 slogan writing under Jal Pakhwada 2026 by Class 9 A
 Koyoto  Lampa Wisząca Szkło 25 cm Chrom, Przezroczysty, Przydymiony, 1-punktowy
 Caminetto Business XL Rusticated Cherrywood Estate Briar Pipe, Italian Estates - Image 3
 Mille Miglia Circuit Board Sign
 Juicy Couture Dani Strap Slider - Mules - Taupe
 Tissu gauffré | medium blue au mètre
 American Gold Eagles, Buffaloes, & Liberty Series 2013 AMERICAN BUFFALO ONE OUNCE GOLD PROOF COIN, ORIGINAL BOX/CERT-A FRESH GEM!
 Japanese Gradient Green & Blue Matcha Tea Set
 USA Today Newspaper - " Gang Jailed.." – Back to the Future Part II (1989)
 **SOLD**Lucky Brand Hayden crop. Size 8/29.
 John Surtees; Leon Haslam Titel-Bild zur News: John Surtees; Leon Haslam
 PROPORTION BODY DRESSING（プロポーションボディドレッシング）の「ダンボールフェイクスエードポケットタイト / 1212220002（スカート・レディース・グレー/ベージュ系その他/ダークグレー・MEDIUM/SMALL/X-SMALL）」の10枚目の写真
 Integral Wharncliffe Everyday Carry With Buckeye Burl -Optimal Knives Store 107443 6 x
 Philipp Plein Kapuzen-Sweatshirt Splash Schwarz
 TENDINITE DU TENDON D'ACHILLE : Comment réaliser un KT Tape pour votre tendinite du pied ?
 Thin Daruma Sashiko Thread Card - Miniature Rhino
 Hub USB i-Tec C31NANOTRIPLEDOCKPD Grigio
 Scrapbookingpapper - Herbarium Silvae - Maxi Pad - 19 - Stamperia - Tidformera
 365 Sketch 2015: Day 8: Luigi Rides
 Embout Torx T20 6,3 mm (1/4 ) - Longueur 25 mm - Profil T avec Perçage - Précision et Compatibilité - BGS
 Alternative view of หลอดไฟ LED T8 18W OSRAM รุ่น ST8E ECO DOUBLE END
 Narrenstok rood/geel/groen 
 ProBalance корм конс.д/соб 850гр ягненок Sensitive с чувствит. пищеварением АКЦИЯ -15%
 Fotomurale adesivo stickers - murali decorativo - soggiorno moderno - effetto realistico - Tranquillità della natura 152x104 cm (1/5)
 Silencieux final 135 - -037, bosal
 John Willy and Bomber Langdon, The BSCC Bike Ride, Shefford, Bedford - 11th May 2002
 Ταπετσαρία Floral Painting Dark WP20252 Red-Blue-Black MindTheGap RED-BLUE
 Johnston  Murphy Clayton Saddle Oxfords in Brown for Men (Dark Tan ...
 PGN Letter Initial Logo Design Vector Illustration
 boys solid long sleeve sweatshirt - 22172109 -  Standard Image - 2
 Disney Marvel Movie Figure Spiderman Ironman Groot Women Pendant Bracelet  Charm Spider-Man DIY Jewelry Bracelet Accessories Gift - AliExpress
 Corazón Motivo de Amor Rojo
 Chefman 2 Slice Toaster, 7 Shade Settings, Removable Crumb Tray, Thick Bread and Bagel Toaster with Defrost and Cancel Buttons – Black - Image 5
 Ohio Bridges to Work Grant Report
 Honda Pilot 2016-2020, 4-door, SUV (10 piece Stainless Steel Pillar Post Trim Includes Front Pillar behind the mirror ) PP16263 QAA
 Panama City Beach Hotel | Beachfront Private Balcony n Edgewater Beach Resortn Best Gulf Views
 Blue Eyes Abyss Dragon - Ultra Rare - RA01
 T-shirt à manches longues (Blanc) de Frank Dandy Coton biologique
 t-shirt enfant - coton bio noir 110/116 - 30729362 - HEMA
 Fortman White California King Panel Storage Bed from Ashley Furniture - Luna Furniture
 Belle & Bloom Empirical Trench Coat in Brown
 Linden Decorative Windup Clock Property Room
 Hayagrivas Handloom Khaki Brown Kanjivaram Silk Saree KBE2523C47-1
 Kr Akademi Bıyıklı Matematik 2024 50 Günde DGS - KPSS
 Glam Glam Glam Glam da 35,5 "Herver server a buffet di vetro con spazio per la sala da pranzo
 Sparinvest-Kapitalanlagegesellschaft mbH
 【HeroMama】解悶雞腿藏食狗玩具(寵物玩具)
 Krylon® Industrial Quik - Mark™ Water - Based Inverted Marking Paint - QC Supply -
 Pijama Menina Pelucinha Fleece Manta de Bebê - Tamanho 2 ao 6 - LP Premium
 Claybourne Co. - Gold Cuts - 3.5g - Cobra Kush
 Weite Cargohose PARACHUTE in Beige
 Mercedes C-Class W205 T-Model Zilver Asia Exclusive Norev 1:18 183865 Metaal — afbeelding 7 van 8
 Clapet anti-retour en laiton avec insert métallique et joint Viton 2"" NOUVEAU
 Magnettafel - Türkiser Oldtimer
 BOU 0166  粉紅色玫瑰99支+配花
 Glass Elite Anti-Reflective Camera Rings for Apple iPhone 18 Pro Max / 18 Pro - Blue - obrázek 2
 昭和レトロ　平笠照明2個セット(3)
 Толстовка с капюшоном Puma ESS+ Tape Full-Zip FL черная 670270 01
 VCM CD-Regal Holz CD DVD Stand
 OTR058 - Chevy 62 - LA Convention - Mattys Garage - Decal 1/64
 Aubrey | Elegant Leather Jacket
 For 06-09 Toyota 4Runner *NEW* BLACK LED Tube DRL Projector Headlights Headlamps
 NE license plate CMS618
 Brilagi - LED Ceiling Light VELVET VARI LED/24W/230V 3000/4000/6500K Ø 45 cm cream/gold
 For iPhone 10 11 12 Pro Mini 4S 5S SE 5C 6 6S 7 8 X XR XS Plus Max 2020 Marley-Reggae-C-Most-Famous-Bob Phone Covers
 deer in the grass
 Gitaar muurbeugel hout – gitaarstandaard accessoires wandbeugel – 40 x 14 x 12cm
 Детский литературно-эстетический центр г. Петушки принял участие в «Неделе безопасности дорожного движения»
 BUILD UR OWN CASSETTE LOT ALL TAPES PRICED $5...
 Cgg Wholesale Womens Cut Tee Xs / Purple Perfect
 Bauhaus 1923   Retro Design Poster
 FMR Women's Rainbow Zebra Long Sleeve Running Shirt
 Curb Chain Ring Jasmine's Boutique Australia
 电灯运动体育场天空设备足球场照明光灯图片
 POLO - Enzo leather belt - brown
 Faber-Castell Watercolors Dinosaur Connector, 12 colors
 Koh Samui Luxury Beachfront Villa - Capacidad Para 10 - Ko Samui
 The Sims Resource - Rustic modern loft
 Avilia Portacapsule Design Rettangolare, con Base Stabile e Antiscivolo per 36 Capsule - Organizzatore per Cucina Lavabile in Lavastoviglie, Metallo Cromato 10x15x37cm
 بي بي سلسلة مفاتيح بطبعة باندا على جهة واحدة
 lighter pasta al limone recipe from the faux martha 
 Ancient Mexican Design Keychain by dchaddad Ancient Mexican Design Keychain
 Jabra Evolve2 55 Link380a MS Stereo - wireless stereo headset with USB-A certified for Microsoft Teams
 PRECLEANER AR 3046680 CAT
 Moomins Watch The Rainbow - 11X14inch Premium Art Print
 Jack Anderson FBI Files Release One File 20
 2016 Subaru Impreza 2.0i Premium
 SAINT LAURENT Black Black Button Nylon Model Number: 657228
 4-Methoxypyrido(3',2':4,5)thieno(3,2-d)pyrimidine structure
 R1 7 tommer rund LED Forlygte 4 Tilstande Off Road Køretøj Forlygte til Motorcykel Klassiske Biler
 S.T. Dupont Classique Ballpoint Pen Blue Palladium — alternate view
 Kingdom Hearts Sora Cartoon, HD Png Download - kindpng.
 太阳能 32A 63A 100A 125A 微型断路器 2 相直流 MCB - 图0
- - - - -
### About this task
Here the job is to set down exactly the lines of the material above that fall between the one with "Disney Marvel Movie" and the one with "Linden Decorative Windup Clock Property Room", inclusive, and nothing beyond them.

### Answer to this exercise
 Disney Marvel Movie Figure Spiderman Ironman Groot Women Pendant Bracelet  Charm Spider-Man DIY Jewelry Bracelet Accessories Gift - AliExpress
 Corazón Motivo de Amor Rojo
 Chefman 2 Slice Toaster, 7 Shade Settings, Removable Crumb Tray, Thick Bread and Bagel Toaster with Defrost and Cancel Buttons – Black - Image 5
 Ohio Bridges to Work Grant Report
 Honda Pilot 2016-2020, 4-door, SUV (10 piece Stainless Steel Pillar Post Trim Includes Front Pillar behind the mirror ) PP16263 QAA
 Panama City Beach Hotel | Beachfront Private Balcony n Edgewater Beach Resortn Best Gulf Views
 Blue Eyes Abyss Dragon - Ultra Rare - RA01
 T-shirt à manches longues (Blanc) de Frank Dandy Coton biologique
 t-shirt enfant - coton bio noir 110/116 - 30729362 - HEMA
 Fortman White California King Panel Storage Bed from Ashley Furniture - Luna Furniture
 Belle & Bloom Empirical Trench Coat in Brown
 Linden Decorative Windup Clock Property Room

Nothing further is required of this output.